Problem statement: Would you please give the entries again word for word, with no images in your copy?

─── Material supplied

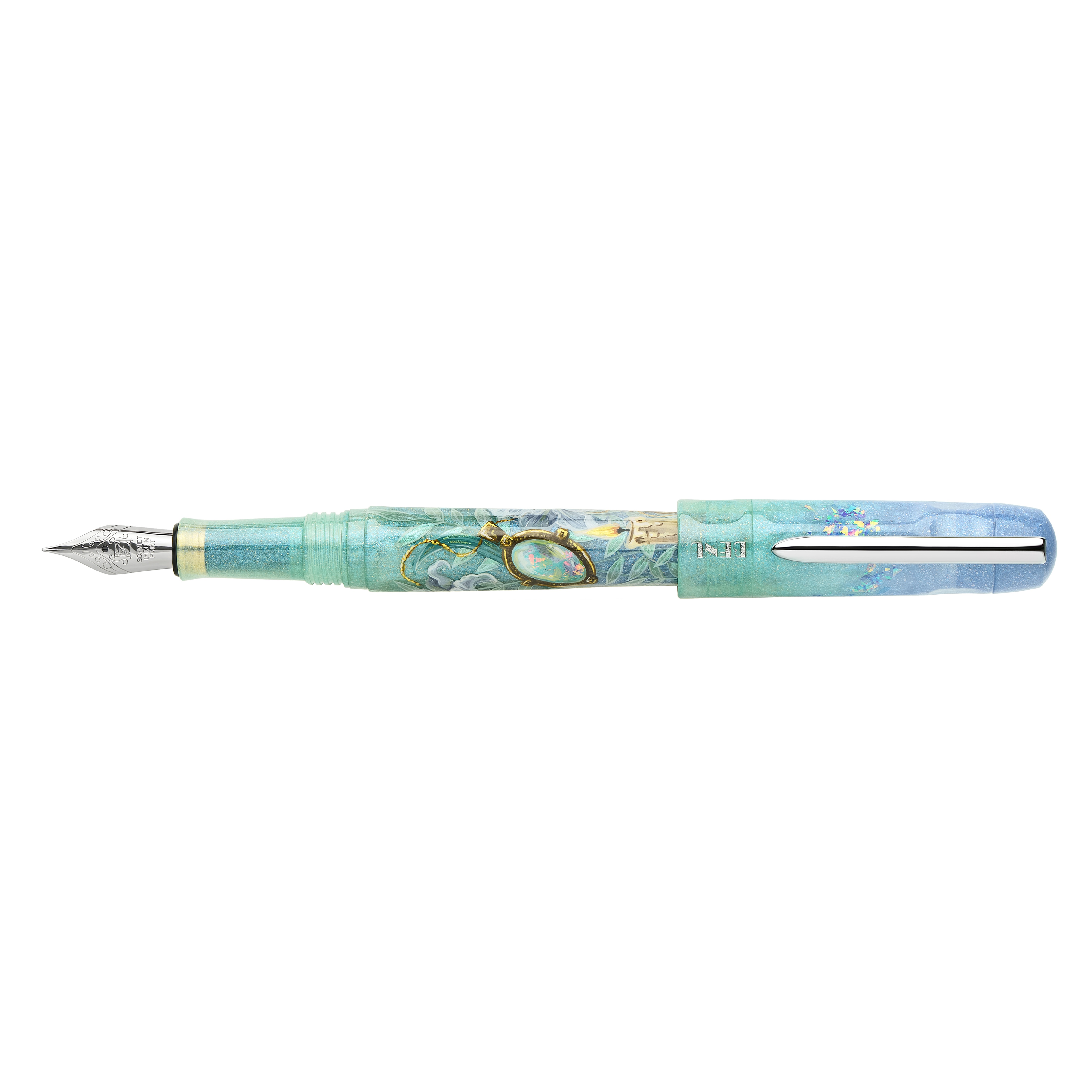 Benu Talisman White Lily ST Vulpen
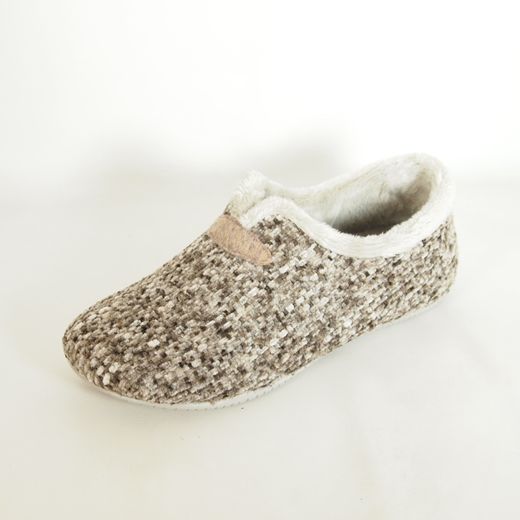 Zapatilla casa garzón 15700-594 taupe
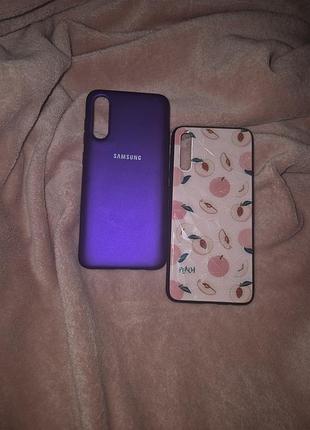 Чохли на samsung a 70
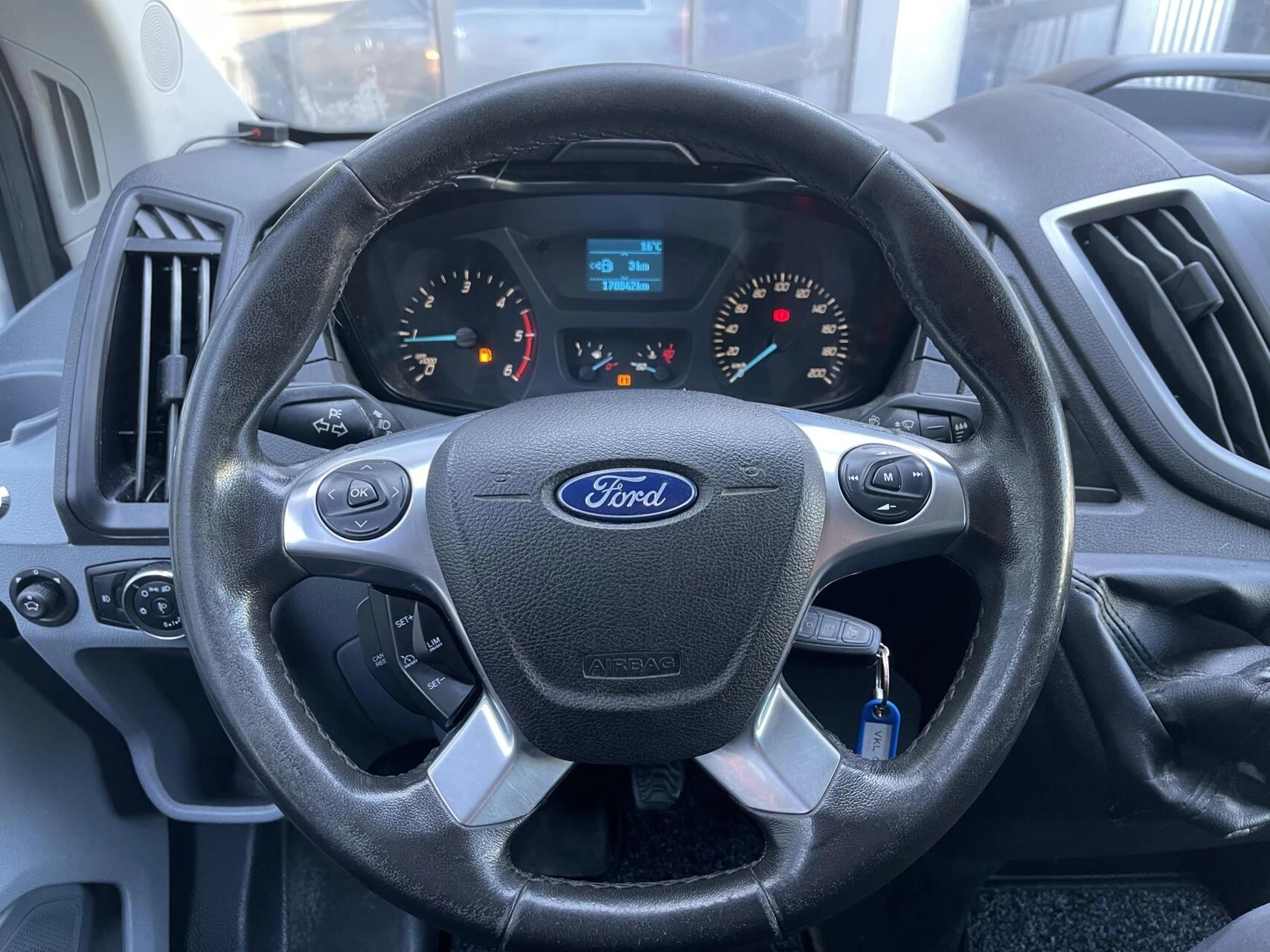 Hoofdafbeelding Ford Transit
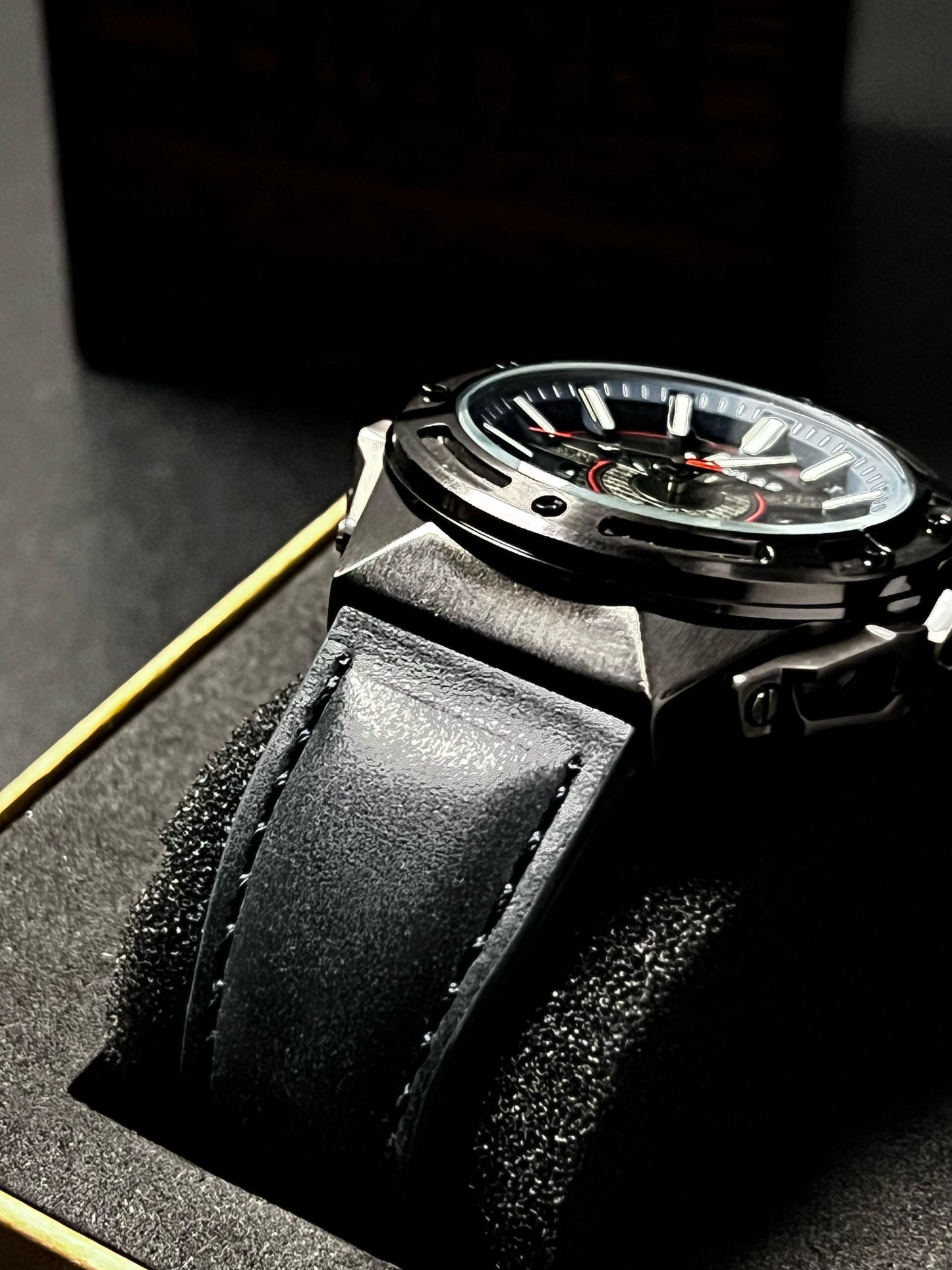 Tubular Watch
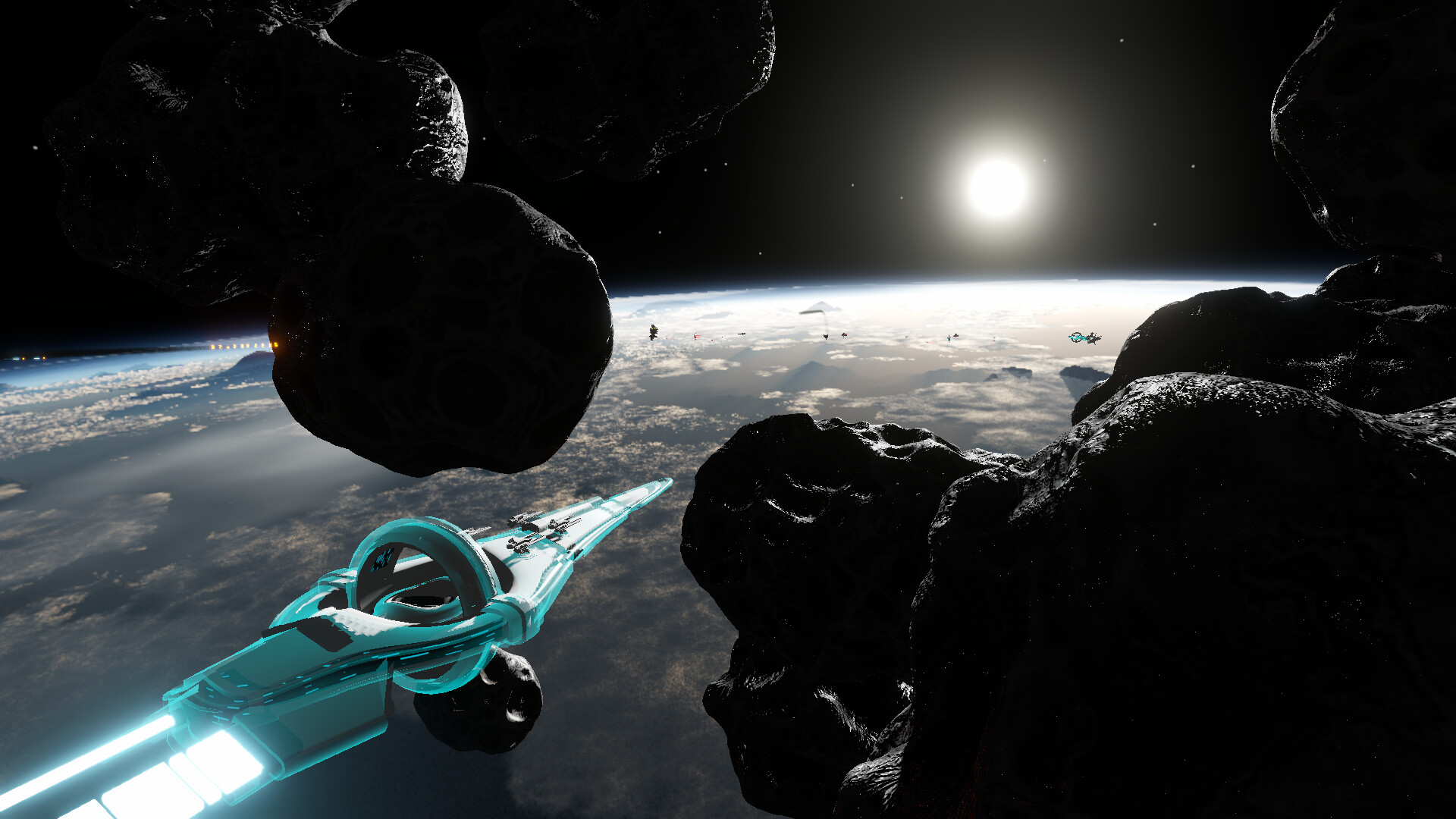 Star Splitters screenshot 1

──────

Answer to the exercise:
 Benu Talisman White Lily ST Vulpen
 Zapatilla casa garzón 15700-594 taupe
 Чохли на samsung a 70
 Hoofdafbeelding Ford Transit
 Tubular Watch
 Star Splitters screenshot 1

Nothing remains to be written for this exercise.